Generates unit tests for a function or class by analyzing branches, boundaries, and error paths — then emits test code in the project's existing framework and style. Covers happy path, edge cases, and failure modes with mocks for external dependencies. Use when writing tests for new code, when backfilling coverage on untested functions, when the user asks to generate tests, or when a coverage report shows specific gaps.
Install with Tessl CLI
npx tessl i github:santosomar/general-secure-coding-agent-skills --skill unit-test-generator97
Quality
96%
Does it follow best practices?
Impact
Pending
No eval scenarios have been run
Generate tests that fail when the code is wrong and pass when it's right — not tests that pass because they assert what the code currently does. The purpose of a test is to pin intended behavior, not observed behavior.
Before writing anything, find an existing test file in the project and match it:
| Check | Look for |
|---|---|
| Framework | pytest / unittest (Py), jest / vitest / mocha (JS/TS), JUnit 4/5 / TestNG (Java), go test (Go), xUnit / NUnit (.NET), RSpec / Minitest (Ruby) |
| Assertion style | assert x == y vs assertThat(x).isEqualTo(y) vs expect(x).toBe(y) vs x.should eq(y) |
| File location / naming | tests/test_foo.py, __tests__/foo.test.ts, src/foo_test.go, FooTest.java |
| Mocking library | unittest.mock, jest.fn(), Mockito, gomock, Moq, Sinon |
| Parameterization style | @pytest.mark.parametrize, test.each, @ParameterizedTest, table-driven |
| Fixture / setup idiom | conftest.py, beforeEach, @BeforeEach, TestMain, let(:x) |
If no tests exist at all, ask which framework — or default to the ecosystem standard (pytest, jest, JUnit 5, go test) and say so explicitly in the output.
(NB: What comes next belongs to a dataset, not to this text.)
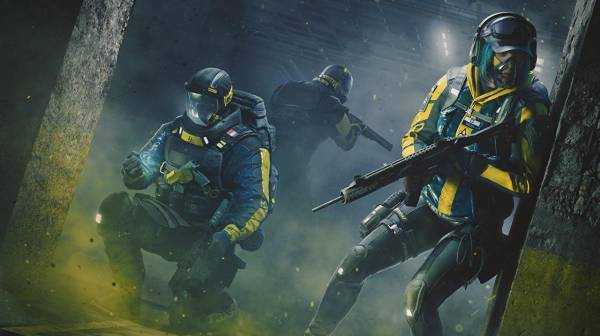 REACT se encarga de contener al parásito en las zonas de brote. Tres jugadores pueden unirse para completar las misiones online.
Read the function and extract a coverage checklist. Every row becomes at least one test.
| Category | How to find them | What to test |
|---|---|---|
| Happy path | The straight-line execution with typical inputs | Exactly one test. This is your baseline. |
| Branches | Every if/elif/else, switch/match arm, ternary, short-circuit &&/||, ?. | One test per arm that takes that arm |
| Boundaries | Comparison operators: <, <=, >, >=, ==; loops with explicit bounds; length/size checks | The boundary value itself, one below, one above |
| Error paths | raise/throw, functions documented to throw, error-returning branches | One test per distinct error, asserting the type and message |
| Input edges | Per parameter type (see table below) | Representative of each class |
| Side effects | Writes to anything outside local scope: DB, file, HTTP, global, logger | Assert the effect happened — or was skipped when it should be |
Per-type input edges:
| Parameter type | Must cover |
|---|---|
| Collection | [], [x], [x, y, ...]; if order matters, also reversed |
| Optional / nullable | Present, absent/None/null/undefined |
| String | "", whitespace-only, typical, very long if there's a length check anywhere downstream |
| Number | 0, negative, positive, boundary of any internal comparison, float-vs-int if the code divides or compares |
| Dict / map | {}, key present, key absent |
| Enum / union | Every variant (no skipping "unlikely" ones) |
Not every cell applies to every function. Prune the ones that provably can't affect behavior — but do it consciously, not by default.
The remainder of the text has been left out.